Tante volte è arrivato del cibo malandato, con un odore nauseabondo, con dei vermi dentro o del cibo che non basta per tutti. Quando si tratta di psicofarmaci quelli non mancano mai. I ragazzi che entrano lì non hanno bisogno di fare neanche una visita psichiatrica per farsi prescrivere i farmaci. Per tenerli tutti quanti come degli zombi, incoscienti di quello che fanno, perché sicuramente non capiscono il danno che si stanno provocando, provano a cercare uno svago nell’assumere e abusare di psicofarmaci. Quando vuoi, vai da un operatore,  chiedi valium e rivotril, ti portano in infermeria e te li danno per tenerti sotto controllo.

Le botte tante volte vengono utilizzate perché c’è un distaccamento fisso della celere, 24 ore su 24, per qualsiasi tipo di intervento. Poi prendono le persone e le mettono in isolamento. L’isolamento nelle carceri è regolamentato. Un direttore del carcere può dare anche 15 giorni di isolamento a una persona, può prorogare, ci sono i magistrati di sorveglianza che devono motivare. Lì [nel CPR] invece fanno quello che vogliono e quando vogliono. Si svegliano la mattina, prendono una persona che non gli sta bene e lo torturano.
Anche lo zucchero è vietato, anche l’olio, non puoi ricevere del cibo cucinato dall’esterno, dai parenti. Non puoi avere un taglia unghie, una lametta per la barba, un telefonino, non puoi avere neanche una penna perché è considerata un’arma.

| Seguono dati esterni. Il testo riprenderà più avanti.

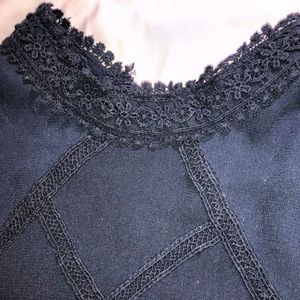 Dark navy blue dress, lots of lace, beautiful
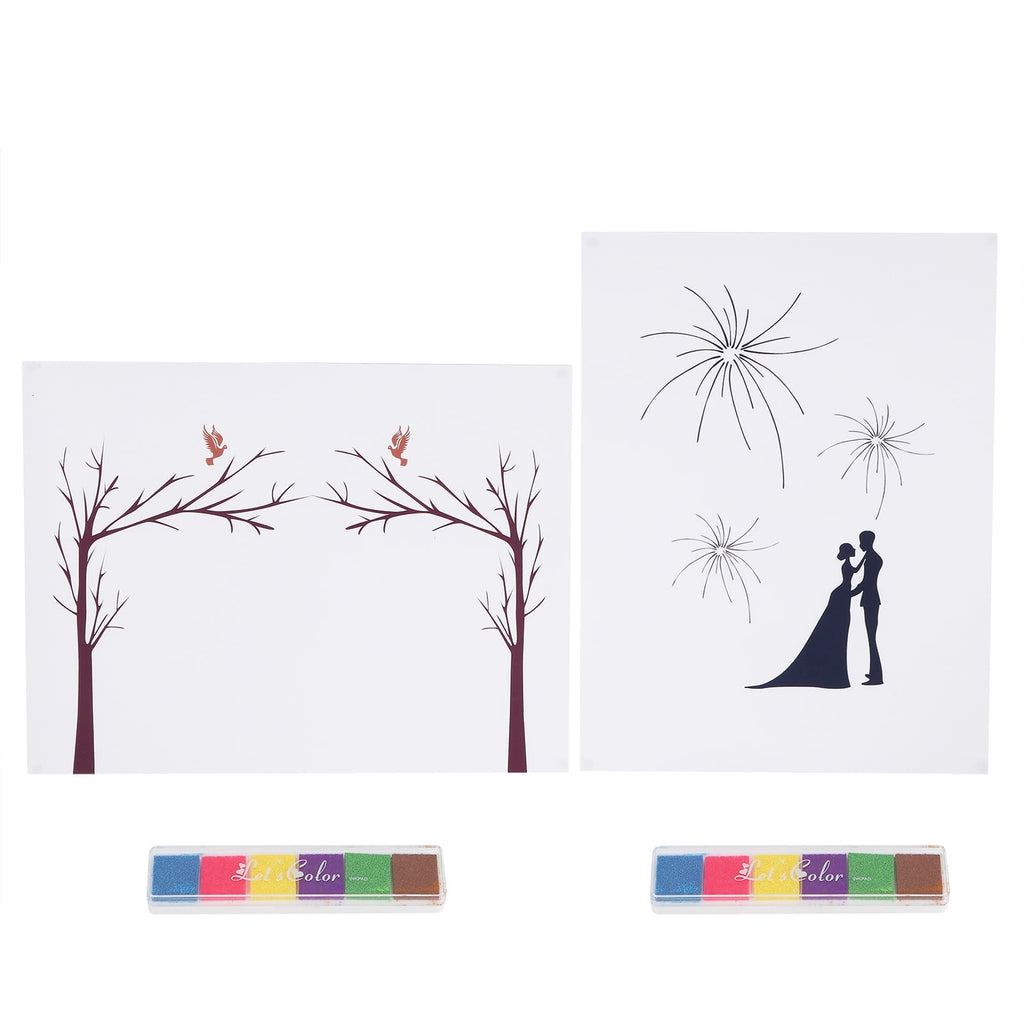 Viccilley Guest Book - 2 Set DIY Pattern Guest Signature Sign‑In Book Guestbook Fingerprint Painting for Wedding Birthday Party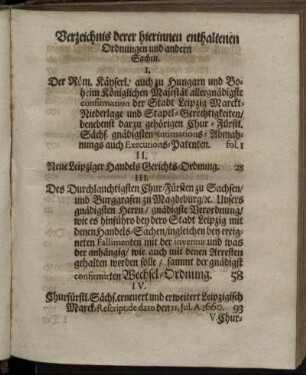 Verzeichnis derer hierinnen enthaltenen Ordnungen und andern Sachen.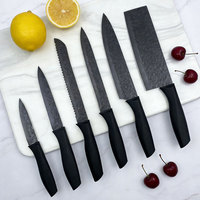 Offre Spéciale : Ensemble de 6 Couteaux de Cuisine en Acier Inoxydable Revêtu avec Manches en Plastique Colorés Antiadhésifs, Lavables au Lave-Vaisselle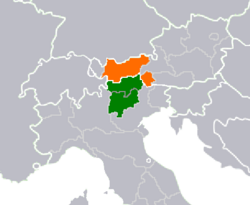 蒂羅爾州南部位於北意大利，北部位於奧地利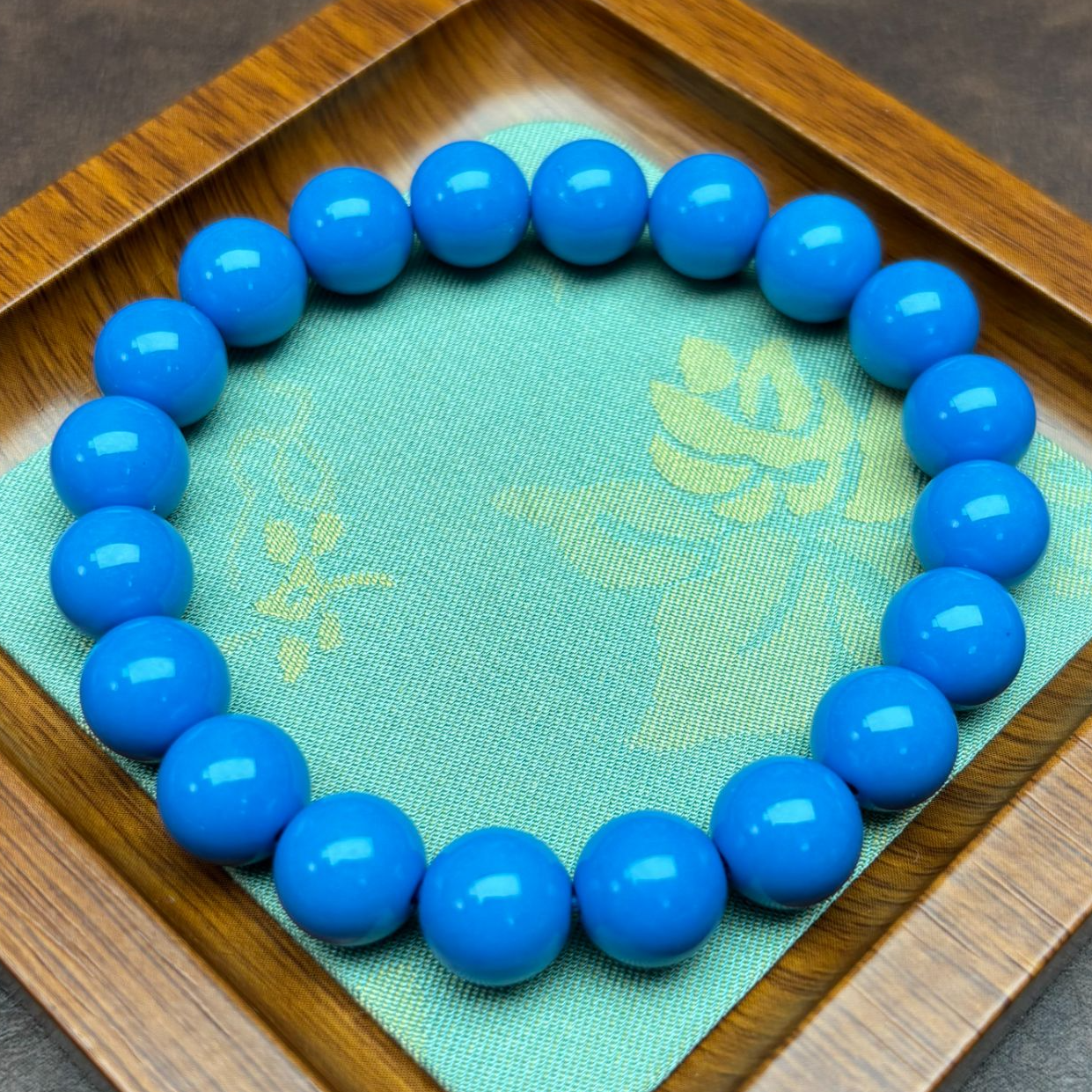 非金属珐琅手链 蓝色 1.0mi圆珠手串 S135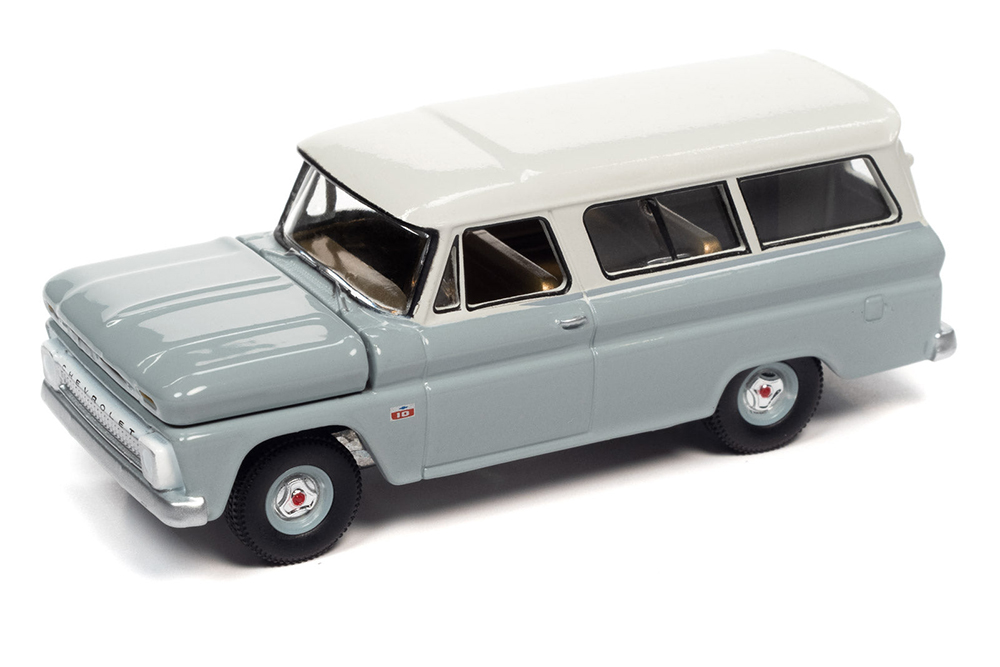 CHEVROLET SUBURBAN 1966 GRAY BODY WITH WHITE ROOF (СЕРЫЙ С БЕЛЫМ) (ДЛИНА МОДЕЛИ 6-10 СМ)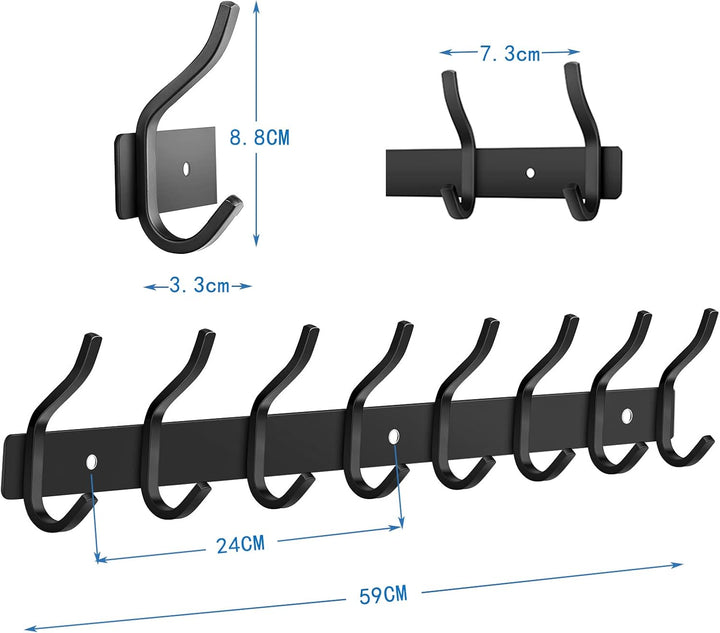 Garderobenhaken Edelstahl, Hakenleiste Kleiderhaken Wand mit 8 Haken, Garderobe Garderobenleiste Wan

Cosa puoi fare durante il giorno lì dentro?

Non fai assolutamente niente. Non fai assolutamente niente. Fai passare il tempo, sapendo che è solo questione di tempo essere espulso o rilasciato. Stai lì aspettando.
Nel CPR di Torino c’è un fatto molto contraddittorio: normalmente vengono dati 2,50 € ogni giorno, per ogni detenuto. Con questi 2,50 € ci puoi comprare soltanto le sigarette e le schede telefoniche. Le persone che non fumano o non hanno un telefono, accumulano una certa somma di denaro che non gli viene data quando escono dal centro.

Soldi stanziati dal bando con la prefettura.

Tra questi soldi ci sono anche 15 € di cui poter usufruire per mandare raccomandate. Questo non lo permettono a nessuno. Quei soldi lì che si tengo, che fine fanno? A cominciare dalla polizia, un pubblico ufficiale ha l’obbligo di denunciare queste cose qua alla procura.
Ma non accade niente perché si tratta di loro tra loro: un prefetto, un questore e dei soldi da gestire. Sono soldi che gestiscono come vogliono, senza rendere conto a nessuno. Nessuno chiederà conto di dove sono i soldi.

Che cosa significa ricevere solidarietà dall’esterno quando si è imprigionati?

Io vorrei ringraziare le tantissime persone che mi sono state vicine. Senza di loro non avrei avuto la forza di andare avanti con questo ideale. Io penso che la libertà e la giustizia sono argomenti molto importanti ai quali le persone dovrebbero interessarsi. Senza le persone che hanno fatto dei presidi fuori, che mi hanno anche aiutato materialmente, non avendo nessuno che mi appoggiava all’interno, non ce l’avrei fatta. Penso che ci deve essere un coinvolgimento massiccio delle persone nel far rispettare i loro simili. Non abbiamo tutti quanti gli stessi mezzi, serve un documento per poter fare tante cose, questo documento se tu non ce l’hai sei nessuno. Grazie a tutte queste persone, mi auguro che proseguano su questa via.

Ti va di aggiungere altro?

Solo una cosa. Se per caso mi sta ascoltando qualcuno dei compagni che ho lasciato lì, forza a tutti, non mollare mai, avanti con la lotta.